Following the merger announcement, CCIV stock declined by nearly 50% to a low of $30 per share. The merger deal valued California-based EV maker Lucid Motors at around $12 billion. While this is a sharp sell-off, this deal had been rumored for a while, and it may be a classic sell-the-news reaction.
Lucid Motors was founded in 2007 and began developing its first vehicle — the Lucid Air — last year. In 2019, Lucid Motors received an investment of more than $1 billion from the Saudi Arabia Public Investment Fund.
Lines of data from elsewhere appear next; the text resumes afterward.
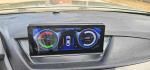 bmw-x1-sdrive18d-2013-diesel-1995cc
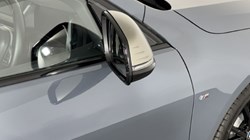 2022 (71) BMW 1 SERIES M135i xDrive 5dr Step Auto 5631583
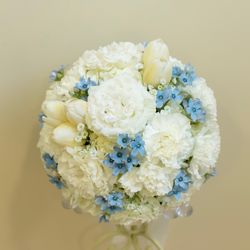 アニヴェルセル 白壁の写真6枚目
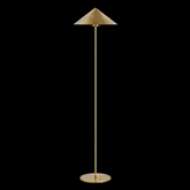 Picture of ORSAY MEDIUM FLOOR LAMP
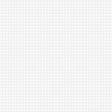 Preview of cross stitch pattern: #703854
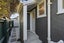10 Caen Road, Panmure, Auckland - Carousel 11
Later that year, the company opened up a $700 million manufacturing facility in Arizona. As of 2021, Lucid Motors has 2,000 employees, many with past experience in the automotive industry.
Pros to Buying CCIV Stock
While the SPAC and electric vehicle spaces can be extremely volatile, an investment in Churchill Capital Corp. IV could draw benefits from:
- Governmental regulation: With the Democrats in control, U.S. energy policies could continue to help electric vehicle companies. Especially after the power outages in Texas, the federal government could look to take a more active role in regulating energy in general. If this results in more EV subsidies or other ‘green energy’ policies, Churchill Capital/Lucid Motors could be a major beneficiary.
- Market trends: Electric vehicle stocks such as Tesla (NASDAQ: TSLA) have been among the strongest sectors in the market over the past year. Churchill Capital has already taken advantage of this momentum, with the stock rocketing from $10 to over $60 in 6 months. If Tesla and the rest of the EV space can continue to grow, Churchill Capital could be poised for further gains as they transition to Lucid Motors.
Cons to Buying CCIV Stock
While there is certainly a big upside to investing in Churchill Capital Corp. IV, some risks to keep in mind include:
- Too much competition: With Tesla’s recent success in 2020, competition has quickly moved in. As of 2021, there are now dozens of EV-related stocks that investors can choose from. If more competition continues to enter the space, Lucid Motors could have difficulties distinguishing themselves from the competition. If things go wrong, look at Nikola (NASDAQ: NKLA) to see what the downsides are to SPAC/electric vehicle plays.
- Market correction: Another risk to owning shares of CCIV is an overall market correction. Following the announcement of their merger with Lucid Motors, the stock declined by nearly 50%. As a result, any sharp market declines could cause a stock as volatile as CCIV to decline dramatically.
Buy CCIV Today
With the high-flying SPAC recently announcing a merger with an electric vehicle company, Churchill Capital Corp. IV and its stock could be poised for further gains.
While the long-term outlook for electric vehicles is bright, there is stiff competition and ample risk in the space. It may be important to be more conservative in your investment, and only risk money you can afford to lose.